Work to be completed. Please repeat the listing exactly, starting at its first line and stopping after the line that contains "3 dormitorios Villa".
%%
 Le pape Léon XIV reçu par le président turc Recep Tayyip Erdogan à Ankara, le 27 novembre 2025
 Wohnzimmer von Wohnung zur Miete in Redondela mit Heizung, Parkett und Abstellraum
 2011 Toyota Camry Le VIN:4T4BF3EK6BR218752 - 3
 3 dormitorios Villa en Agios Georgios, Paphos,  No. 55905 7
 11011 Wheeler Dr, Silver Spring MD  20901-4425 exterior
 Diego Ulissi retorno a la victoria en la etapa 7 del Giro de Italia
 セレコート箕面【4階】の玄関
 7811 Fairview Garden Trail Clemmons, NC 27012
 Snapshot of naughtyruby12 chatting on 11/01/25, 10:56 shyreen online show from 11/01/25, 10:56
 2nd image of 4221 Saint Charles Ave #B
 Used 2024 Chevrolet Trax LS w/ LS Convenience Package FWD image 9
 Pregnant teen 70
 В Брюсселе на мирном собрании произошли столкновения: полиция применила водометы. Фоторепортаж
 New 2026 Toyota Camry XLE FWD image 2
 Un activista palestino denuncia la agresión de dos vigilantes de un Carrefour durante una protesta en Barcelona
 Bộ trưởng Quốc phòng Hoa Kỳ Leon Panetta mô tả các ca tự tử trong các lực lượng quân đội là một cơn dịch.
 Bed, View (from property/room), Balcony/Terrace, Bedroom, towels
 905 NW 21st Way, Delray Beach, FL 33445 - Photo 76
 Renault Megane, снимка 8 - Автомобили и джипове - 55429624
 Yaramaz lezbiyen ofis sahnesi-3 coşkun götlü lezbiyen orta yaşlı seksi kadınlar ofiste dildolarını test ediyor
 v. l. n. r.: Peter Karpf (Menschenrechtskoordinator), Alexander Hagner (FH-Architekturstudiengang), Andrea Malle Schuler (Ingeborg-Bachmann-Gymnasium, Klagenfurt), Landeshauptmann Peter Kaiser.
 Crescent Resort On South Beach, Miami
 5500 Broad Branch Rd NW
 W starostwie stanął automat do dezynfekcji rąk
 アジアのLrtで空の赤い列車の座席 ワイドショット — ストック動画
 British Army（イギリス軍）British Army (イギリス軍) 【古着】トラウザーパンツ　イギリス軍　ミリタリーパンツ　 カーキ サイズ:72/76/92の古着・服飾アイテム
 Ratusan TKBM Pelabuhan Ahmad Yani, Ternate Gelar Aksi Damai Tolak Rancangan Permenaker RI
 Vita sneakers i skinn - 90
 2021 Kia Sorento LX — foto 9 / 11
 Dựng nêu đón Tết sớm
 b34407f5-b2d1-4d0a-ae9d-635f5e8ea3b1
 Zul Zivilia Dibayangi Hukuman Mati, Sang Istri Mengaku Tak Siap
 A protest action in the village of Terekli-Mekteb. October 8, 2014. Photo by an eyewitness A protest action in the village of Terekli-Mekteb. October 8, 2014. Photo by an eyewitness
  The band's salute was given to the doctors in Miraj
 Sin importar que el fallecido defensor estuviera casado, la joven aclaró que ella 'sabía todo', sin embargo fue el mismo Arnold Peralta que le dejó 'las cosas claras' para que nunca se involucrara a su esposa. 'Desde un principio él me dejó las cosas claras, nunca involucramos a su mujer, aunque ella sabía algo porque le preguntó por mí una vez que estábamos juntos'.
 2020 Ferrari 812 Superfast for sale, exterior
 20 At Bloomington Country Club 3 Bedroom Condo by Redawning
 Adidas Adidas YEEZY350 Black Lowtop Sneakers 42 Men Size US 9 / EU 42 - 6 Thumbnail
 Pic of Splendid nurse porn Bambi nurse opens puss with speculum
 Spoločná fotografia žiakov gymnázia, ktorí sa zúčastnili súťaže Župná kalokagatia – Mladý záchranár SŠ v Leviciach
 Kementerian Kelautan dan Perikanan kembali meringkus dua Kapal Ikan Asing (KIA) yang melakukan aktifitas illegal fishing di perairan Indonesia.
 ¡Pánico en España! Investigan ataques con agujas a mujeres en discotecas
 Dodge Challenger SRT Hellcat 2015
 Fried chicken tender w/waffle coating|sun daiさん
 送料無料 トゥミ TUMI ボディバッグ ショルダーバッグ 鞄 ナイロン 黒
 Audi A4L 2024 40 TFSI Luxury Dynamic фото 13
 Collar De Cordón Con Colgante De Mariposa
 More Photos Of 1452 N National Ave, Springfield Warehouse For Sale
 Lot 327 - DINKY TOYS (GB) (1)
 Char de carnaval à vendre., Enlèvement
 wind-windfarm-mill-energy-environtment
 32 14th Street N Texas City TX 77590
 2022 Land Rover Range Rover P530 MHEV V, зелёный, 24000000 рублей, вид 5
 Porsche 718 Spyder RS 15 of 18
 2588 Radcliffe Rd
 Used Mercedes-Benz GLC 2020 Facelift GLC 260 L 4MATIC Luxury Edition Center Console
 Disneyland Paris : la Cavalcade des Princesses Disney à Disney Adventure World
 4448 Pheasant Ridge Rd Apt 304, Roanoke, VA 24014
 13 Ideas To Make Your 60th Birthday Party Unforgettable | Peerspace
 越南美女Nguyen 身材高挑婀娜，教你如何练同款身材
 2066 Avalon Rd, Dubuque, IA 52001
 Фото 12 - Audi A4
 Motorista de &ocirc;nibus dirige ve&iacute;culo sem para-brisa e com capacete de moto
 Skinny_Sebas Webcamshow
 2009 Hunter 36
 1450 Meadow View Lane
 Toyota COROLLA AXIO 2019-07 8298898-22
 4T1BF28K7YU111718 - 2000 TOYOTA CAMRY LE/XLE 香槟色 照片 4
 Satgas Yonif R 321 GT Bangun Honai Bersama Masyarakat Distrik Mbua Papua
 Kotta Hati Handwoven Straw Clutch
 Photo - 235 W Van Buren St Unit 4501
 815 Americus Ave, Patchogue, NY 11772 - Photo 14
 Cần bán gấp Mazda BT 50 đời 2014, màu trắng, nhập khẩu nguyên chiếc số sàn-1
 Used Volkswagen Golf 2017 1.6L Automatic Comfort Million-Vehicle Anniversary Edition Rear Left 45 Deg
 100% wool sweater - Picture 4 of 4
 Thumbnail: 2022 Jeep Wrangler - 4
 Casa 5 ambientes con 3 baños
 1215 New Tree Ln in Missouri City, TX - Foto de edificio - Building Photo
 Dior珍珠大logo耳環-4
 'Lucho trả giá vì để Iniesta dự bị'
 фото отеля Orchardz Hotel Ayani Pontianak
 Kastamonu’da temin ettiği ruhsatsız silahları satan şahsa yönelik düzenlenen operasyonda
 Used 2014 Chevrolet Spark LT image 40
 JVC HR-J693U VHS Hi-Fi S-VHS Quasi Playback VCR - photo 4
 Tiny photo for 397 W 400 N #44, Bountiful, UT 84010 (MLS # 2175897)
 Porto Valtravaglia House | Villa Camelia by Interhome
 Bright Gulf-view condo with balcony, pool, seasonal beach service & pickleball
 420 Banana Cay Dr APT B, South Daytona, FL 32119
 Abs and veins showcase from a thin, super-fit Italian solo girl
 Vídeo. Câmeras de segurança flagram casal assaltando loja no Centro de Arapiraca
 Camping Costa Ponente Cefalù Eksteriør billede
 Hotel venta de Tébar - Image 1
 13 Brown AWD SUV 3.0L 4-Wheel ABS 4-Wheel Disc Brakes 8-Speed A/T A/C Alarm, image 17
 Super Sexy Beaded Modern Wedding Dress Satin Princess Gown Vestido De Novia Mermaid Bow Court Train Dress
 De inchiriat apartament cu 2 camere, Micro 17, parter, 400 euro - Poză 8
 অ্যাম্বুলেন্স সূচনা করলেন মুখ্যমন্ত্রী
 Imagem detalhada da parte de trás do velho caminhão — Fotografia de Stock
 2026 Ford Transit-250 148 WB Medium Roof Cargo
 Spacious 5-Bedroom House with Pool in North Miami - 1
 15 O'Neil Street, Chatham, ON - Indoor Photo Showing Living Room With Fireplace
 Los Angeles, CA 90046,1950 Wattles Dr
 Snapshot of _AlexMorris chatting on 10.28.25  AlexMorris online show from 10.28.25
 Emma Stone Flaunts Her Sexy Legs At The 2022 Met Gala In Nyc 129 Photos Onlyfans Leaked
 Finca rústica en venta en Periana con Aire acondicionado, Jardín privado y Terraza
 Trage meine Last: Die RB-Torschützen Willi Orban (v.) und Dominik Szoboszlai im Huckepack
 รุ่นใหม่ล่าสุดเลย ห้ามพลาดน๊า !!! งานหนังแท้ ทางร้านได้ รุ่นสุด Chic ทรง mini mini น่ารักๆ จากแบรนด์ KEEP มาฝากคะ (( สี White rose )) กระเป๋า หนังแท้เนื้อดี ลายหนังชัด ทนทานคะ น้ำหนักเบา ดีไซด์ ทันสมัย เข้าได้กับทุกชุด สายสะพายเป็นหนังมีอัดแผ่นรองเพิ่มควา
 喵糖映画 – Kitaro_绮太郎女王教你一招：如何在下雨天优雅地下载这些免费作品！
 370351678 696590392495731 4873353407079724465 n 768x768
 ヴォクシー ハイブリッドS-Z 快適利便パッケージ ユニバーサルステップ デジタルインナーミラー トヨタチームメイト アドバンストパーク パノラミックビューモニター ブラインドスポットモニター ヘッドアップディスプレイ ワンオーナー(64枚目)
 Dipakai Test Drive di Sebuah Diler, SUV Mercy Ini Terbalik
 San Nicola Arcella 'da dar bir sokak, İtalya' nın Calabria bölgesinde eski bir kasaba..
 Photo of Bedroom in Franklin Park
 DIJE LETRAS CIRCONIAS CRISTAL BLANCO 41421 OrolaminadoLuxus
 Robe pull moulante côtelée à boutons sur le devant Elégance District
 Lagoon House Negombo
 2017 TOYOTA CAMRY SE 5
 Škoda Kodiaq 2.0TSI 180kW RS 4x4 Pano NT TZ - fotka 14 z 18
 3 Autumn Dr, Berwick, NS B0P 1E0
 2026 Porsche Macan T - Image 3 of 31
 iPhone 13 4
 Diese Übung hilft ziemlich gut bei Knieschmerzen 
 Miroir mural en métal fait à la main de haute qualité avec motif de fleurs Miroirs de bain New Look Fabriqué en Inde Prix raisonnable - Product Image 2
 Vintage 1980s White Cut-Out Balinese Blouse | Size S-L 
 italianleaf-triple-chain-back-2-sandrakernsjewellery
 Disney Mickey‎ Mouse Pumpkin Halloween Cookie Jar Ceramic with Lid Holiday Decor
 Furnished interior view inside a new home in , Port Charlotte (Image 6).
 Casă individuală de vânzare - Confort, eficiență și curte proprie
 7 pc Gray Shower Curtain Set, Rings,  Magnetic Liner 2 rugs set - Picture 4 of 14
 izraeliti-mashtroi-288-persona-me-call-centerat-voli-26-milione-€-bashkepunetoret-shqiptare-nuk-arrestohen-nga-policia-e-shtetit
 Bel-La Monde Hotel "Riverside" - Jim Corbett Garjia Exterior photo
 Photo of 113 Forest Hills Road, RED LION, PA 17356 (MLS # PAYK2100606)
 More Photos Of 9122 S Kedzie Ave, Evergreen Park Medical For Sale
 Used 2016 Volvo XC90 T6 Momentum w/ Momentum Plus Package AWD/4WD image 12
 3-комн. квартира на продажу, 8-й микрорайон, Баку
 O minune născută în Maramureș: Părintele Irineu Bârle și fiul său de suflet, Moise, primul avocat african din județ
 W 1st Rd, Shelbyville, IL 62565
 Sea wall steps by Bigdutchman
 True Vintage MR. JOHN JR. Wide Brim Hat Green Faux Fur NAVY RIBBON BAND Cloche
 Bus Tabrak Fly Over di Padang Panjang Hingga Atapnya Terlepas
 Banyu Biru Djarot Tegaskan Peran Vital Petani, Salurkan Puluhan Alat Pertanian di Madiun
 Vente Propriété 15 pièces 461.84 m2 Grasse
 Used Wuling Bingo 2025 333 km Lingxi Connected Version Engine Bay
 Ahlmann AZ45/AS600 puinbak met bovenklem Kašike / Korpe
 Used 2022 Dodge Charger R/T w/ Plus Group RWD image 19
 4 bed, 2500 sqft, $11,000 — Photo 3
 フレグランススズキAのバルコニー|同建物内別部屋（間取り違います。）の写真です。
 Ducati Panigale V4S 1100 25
%%
Answer for this exercise.
 Le pape Léon XIV reçu par le président turc Recep Tayyip Erdogan à Ankara, le 27 novembre 2025
 Wohnzimmer von Wohnung zur Miete in Redondela mit Heizung, Parkett und Abstellraum
 2011 Toyota Camry Le VIN:4T4BF3EK6BR218752 - 3
 3 dormitorios Villa en Agios Georgios, Paphos,  No. 55905 7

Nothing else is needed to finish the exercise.